7.1. Genesis of the Iron Deposit

The genesis of the Kaladawan iron deposit remains a subject of controversy, due to its intricate history involving multiple stages of magmatism. At present, there exist several predominant viewpoints regarding the origin of this deposit: (1) Formation through volcanic sedimentation followed by skarnization [3,7,8,9]; (2) SVIO hypothesis [5]; (3) Skarn-type formation [10]. Skarn-type deposits form in or near the contact zone between intermediate–acid and intermediate–basic magmatite and carbonate rocks, resulting from the metasomatism of the surrounding rocks by magmatic hydrothermal fluids. Within these fluid systems, magnetite serves as the primary mineral phase for precipitation [29]. The composition and texture of magnetite can be influenced by variations in physicochemical parameters such as temperature, oxygen fugacity, and melt composition of the magmatic–hydrothermal fluids [30].
The Ni/Cr ratios of hydrothermal magnetite typically exhibit values greater than or equal to 1 [31]. In the case of Kaladawan iron ore samples (12A-07, 15), their Ni/Cr ratios range from 3.979 to 107.8, surpassing the threshold of 1 overall. These samples are distributed within the region corresponding to hydrothermal magnetite on a (Ni/Cr)-Ti diagram (Figure 8a). However, magnetite is prone to textural and compositional re-equilibration, which can lead to a significantly different geochemical model compared to the previous one. Therefore, caution should be exercised when utilizing the Ti-(Ni/Cr) diagram [30,32,33,34]. Previous studies have proposed a more effective Fe-(V/Ti) diagram for distinguishing between magmatic and hydrothermal magnetite. This diagram comprises three distinct regions: magmatic magnetite, re-equilibrated magnetite, and hydrothermal magnetite (Figure 8b). Magmatic magnetite typically exhibits V/Ti values < 1 and Fe content < 66%, while hydrothermal magnetite generally displays V/Ti values > 1 [30]. In the Fe-(V/Ti) diagram, magnetite in the studied iron ore falls into the hydrothermal magnetite area; however, the magnetite derived from altered basalt and rhyodacite samples are situated in the re-equilibrated region (Figure 8b). The primary mechanism responsible for this re-equilibration in igneous rocks is fluid-induced dissolution–reprecipitation [30]. It is worth noting that the formation of magnetite in altered basalt and rhyodacite might have been influenced by the magmatic hydrothermal fluids; for example, the pyrite in the rhyodacite was replaced by magnetite (Figure 3e) and the ilmenite in the altered basalt underwent oxidative decomposition to rutile and hematite (Figure 4d), suggesting that hydrothermal metasomatism has played a role in the formation process.
The (Ca + Al + Mn)-(Ti + V) and (Ni/(Cr + Mn))-(Ti + V) diagrams have been proven to be effective in distinguishing various types of deposits, including iron oxide–copper–gold (IOCG), Kiruna, porphyry Cu, banded iron formation (BIF), Fe–Ti–V, and skarn deposits [35]. In these diagrams (Figure 9), magnetite from the iron ore consistently falls within the skarn area.
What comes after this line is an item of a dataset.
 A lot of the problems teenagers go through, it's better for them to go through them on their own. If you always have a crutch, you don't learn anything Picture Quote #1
In addition, hydrothermal magnetite exhibits high Si, Ca, and Mg content, but low Ti, Al, Cr, and Ni levels [31]. In the multi-element variation diagram, the magnetite in the Kaladawan iron ore exhibits characteristics of high Si, Ca, Ge, and Mo content and low Ti, Al, and Cr levels, as depicted in Figure 10. These findings are consistent with those documented for the Kaladawan magnetite sample [36] and the typical skarn iron deposits [31,37].
Additionally, Fe isotope analysis can effectively discriminate between different deposit types [38,39,40]. The measured samples from the Kaladawan iron deposit all exhibit positive Fe isotopes, ranging from δ56Fe 0.024 to 0.245‰; this distribution significantly deviates from that observed in low-temperature hydrothermal and magmatic iron deposits (Figure 11), but it aligns with the range seen in three other typical skarn iron deposits found in China, thus confirming a close association between the Kaladawan iron deposit and skarn-type deposits.
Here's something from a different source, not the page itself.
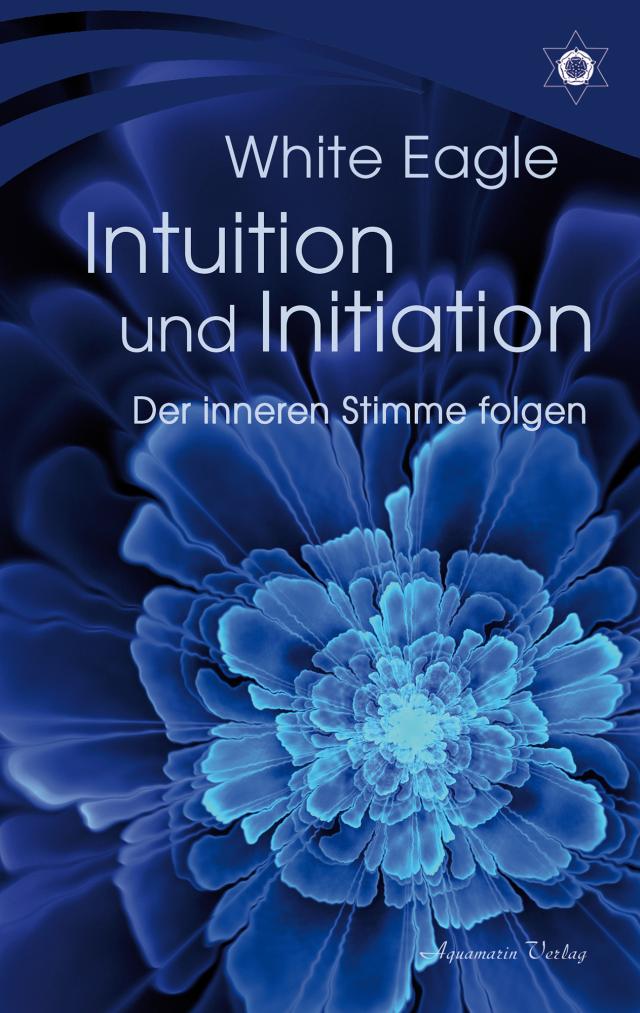 Intuition und Initiation – Der inneren Stimme folgen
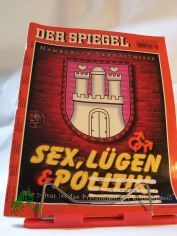 Sex, L�gen und Politik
In summary, the Kaladawan iron ore body is situated within the contact zone between the basalt and marble (Figure 2c) and mainly consists of hydrous minerals, such as epidote and chlorite, showing the typical characteristics of skarn-type iron deposit (Figure 4e–h). Moreover, the Ti-(Ni/Cr) and (V/Ti)-Fe diagrams indicating the hydrothermal genesis of magnetite (Figure 8), the skarn-type deposit location within the (Ca + Al + Mn)-(Ti + V) and (Ni/(Cr + Mn))-(Ti + V) diagrams (Figure 9), and the Fe isotope characteristics collectively validate that the Kaladawan iron deposit can be classified as skarn-type.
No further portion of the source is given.